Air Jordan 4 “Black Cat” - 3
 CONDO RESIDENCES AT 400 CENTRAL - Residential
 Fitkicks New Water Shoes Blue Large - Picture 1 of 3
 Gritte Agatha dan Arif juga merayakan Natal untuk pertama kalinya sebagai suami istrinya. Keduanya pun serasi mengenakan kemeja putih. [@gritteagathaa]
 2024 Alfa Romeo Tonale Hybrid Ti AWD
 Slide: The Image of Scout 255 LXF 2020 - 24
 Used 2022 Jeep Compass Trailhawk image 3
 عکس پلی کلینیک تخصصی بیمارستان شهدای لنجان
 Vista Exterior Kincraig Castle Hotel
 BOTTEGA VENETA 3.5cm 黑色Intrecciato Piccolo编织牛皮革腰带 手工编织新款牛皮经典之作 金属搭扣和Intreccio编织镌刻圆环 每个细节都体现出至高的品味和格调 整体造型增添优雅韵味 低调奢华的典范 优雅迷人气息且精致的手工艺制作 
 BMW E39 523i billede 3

▬▬▬▬▬▬

Assignment:
The expected output is the lines from the one with "BOTTEGA VENETA 3.5cm" through the end of the data, exactly as written and nothing more.

Answer to this exercise:
 BOTTEGA VENETA 3.5cm 黑色Intrecciato Piccolo编织牛皮革腰带 手工编织新款牛皮经典之作 金属搭扣和Intreccio编织镌刻圆环 每个细节都体现出至高的品味和格调 整体造型增添优雅韵味 低调奢华的典范 优雅迷人气息且精致的手工艺制作 
 BMW E39 523i billede 3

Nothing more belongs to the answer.